Basically, the pentagon has been using contingency operations funds to bypass congressional regulation, so they can keep losingwinning wars by throwing gigantic amounts of money around.
“Fiscal conservatives” take note: this is what happens when you give the government a way of spending off the books. Technically it’s not “fraud” because congress is in on it. Although it sounds like they’re pro-forma shocked at how bad it is:
They warn that what was once generally restricted to a fund for replacing combat losses of equipment, resupply of expended munitions, and transport ing troops to and through war zones has “ballooned into an ambiguous part of the budget to which government financiers increasingly turn to pay for other, at times unrelated, costs.”
The GAO agrees. [GAO: OMB and DOD Should Revise the Criteria for Determining Eligible Costs and Identify the Costs Likely to Endure Long Term]
Further, the amount of OCO appropriations DOD considers as non-war increased from about 4 percent in fiscal year 2010 to 12 percent in fiscal year 2015. DOD officials agree that updated guidance is needed but note that the Office of Management and Budget has deferred the decision to update the criteria until a new administration is in place in 2017. Without reevaluating and revising the criteria, decision makers may be hindered in their ability to set priorities and make funding trade-offs.
That means, in bureaucrat, that the DOD has been treating the contingency fund as a gym bag full of bills for spending as much as it wants off the budget.

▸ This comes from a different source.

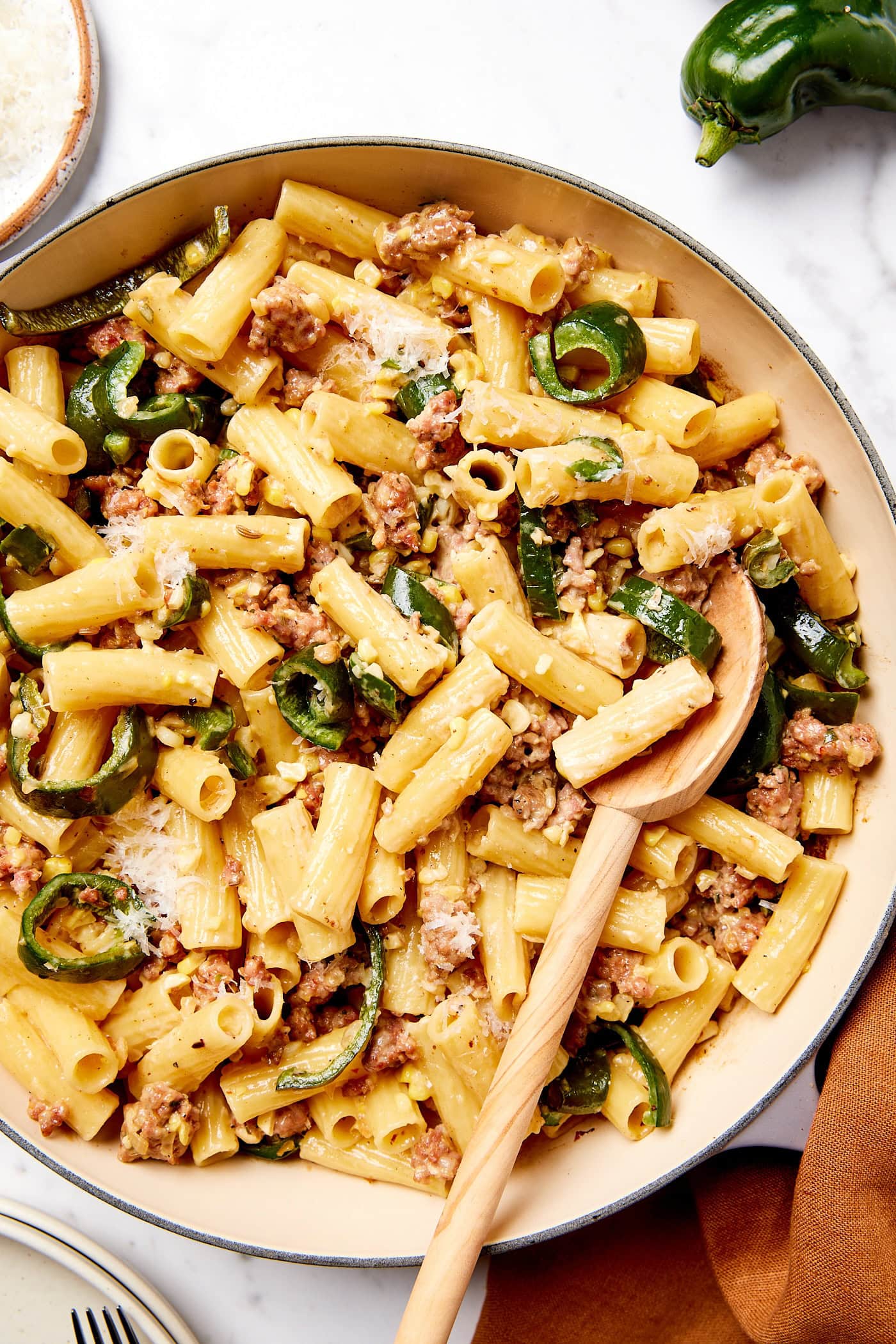 Large bowl filled with sausage pasta with poblano peppers and wooden spoon scooping up a serving.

Supporting and equipping and training (that’s code for special operations on the ground) and you’ve got to love that “European Reassurance Initiative” $3.4 billion dollars to “deter Russia and reassure US allies.”
I need reassurance, too.
Some of the reporting [war is boring] I’ve seen on this story mistakes the $1.6 trillion complete post 9/11 budget expenditures for the slush fund expenditures. That’s not accurate. It looks like it’s “only” about $100 billion.
janiceintoronto says
Seems as though the car has lost its brakes while careening down a very steep hill…
Marcus Ranum says
janiceintoronto@#1:
Seems as though the car has lost its brakes while careening down a very steep hill…
Chuck Spinney’s take (which I more or less agree with) is that Congress has been taken over by the defense contractors and Wall St and they’re just milking the cow as hard as they can. When they kill it, they won’t care because they’ve got theirs.
A V Sandi Nack says
Would you be okay with “financially conservative”? Given my current means I am a financial conservative, though not by choice.